DATA RECORDS:
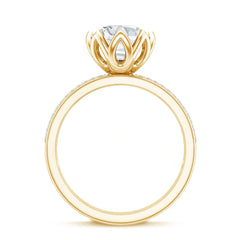 Lotus Basket Set Moissanite Engagement Ring with Side Stones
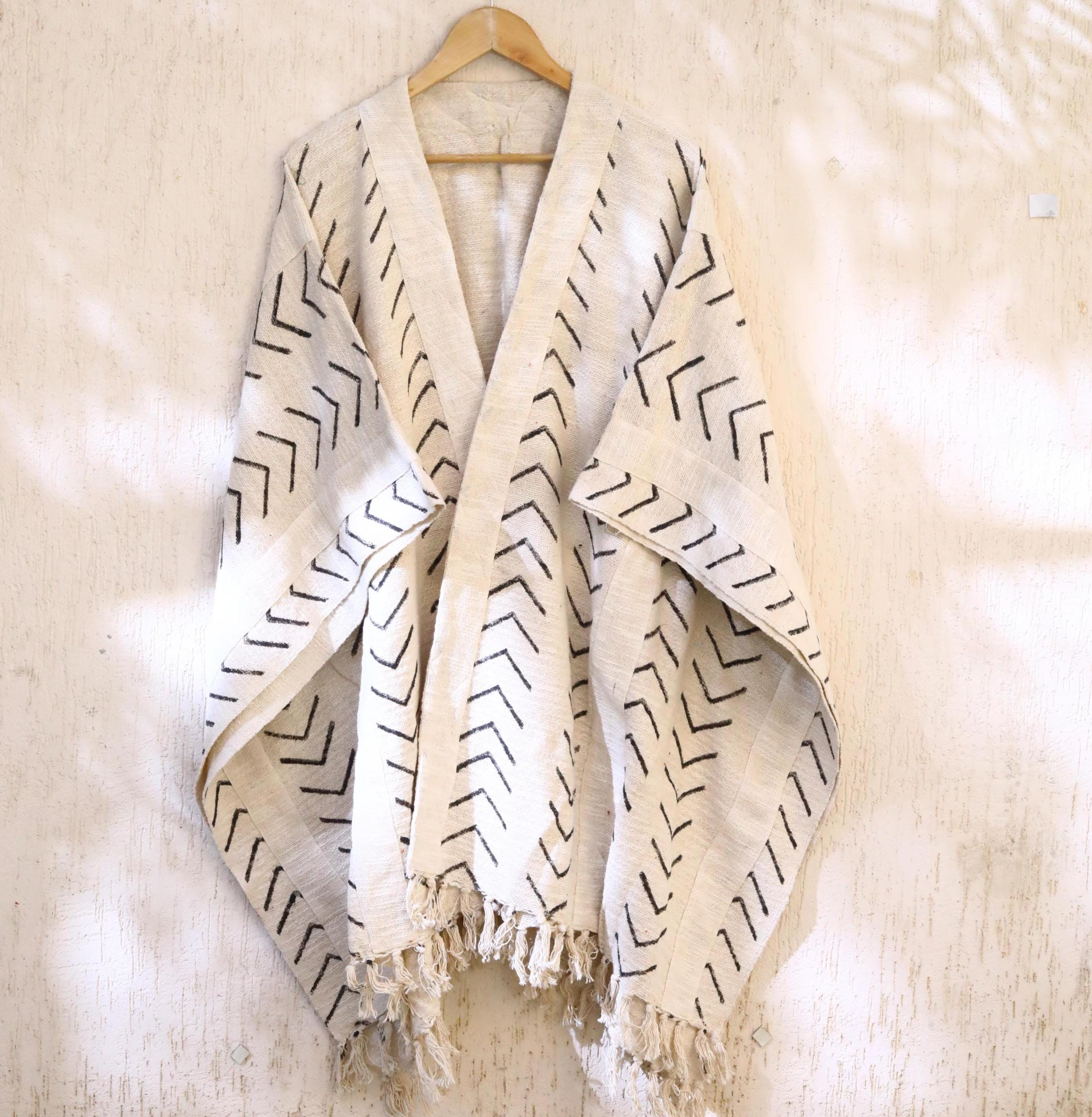 Handloomed Mudcloth Shrug: African Style Cotton Wrap with Fringes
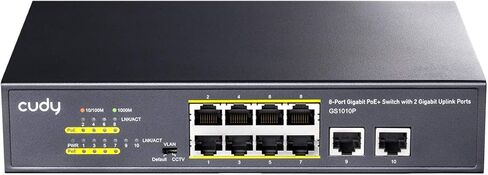 Cudy GS1010P محول PoE غير مُدار بـ 10 منافذ جيجابت إيثرنت، مع 8 × PoE+ @ 120 وات، سطح المكتب/الحامل، وضع CCTV / VLAN، 802.3af/ 802.3at، التوصيل والتشغيل in Kuwait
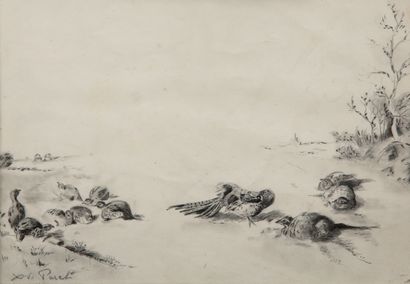 Partridges and pheasants powdering themselves

Charcoal

Signed...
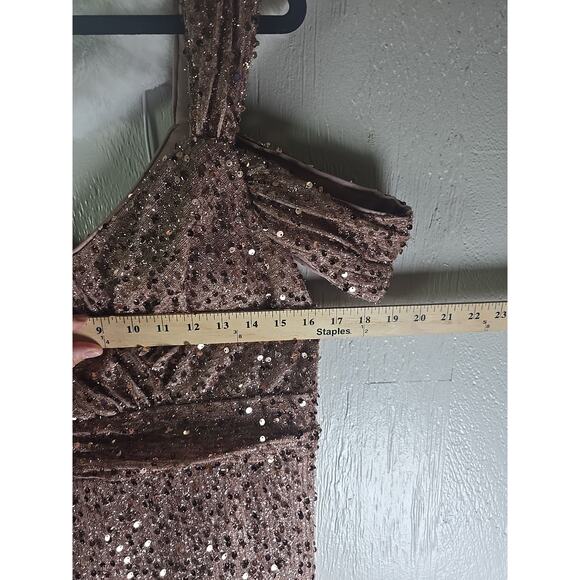 Sequined Gown Plus 2X Pink Prom Dress Holiday Christmas Formal Cocktail Chic - Picture 3 of 8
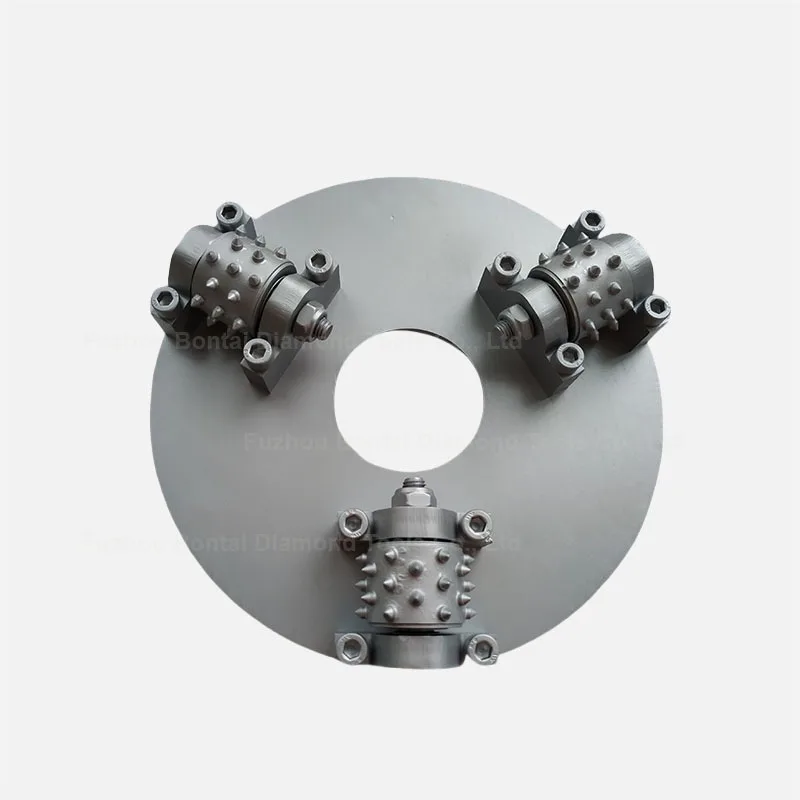 Bontai 240mm bush hammer plate with triple rollers for litchi surface grinding klindex bush hammer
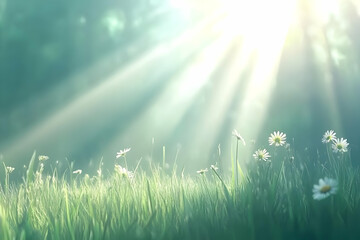 Obraz premium Sunlit Daisies in Green Grass Illustration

TASK TO CARRY OUT: Could you please write out the entries exactly as they are, with every picture left out?

TASK SOLUTION:
 Lotus Basket Set Moissanite Engagement Ring with Side Stones
 Handloomed Mudcloth Shrug: African Style Cotton Wrap with Fringes
 Cudy GS1010P محول PoE غير مُدار بـ 10 منافذ جيجابت إيثرنت، مع 8 × PoE+ @ 120 وات، سطح المكتب/الحامل، وضع CCTV / VLAN، 802.3af/ 802.3at، التوصيل والتشغيل in Kuwait
 Partridges and pheasants powdering themselves

Charcoal

Signed...
 Sequined Gown Plus 2X Pink Prom Dress Holiday Christmas Formal Cocktail Chic - Picture 3 of 8
 Bontai 240mm bush hammer plate with triple rollers for litchi surface grinding klindex bush hammer
 Obraz premium Sunlit Daisies in Green Grass Illustration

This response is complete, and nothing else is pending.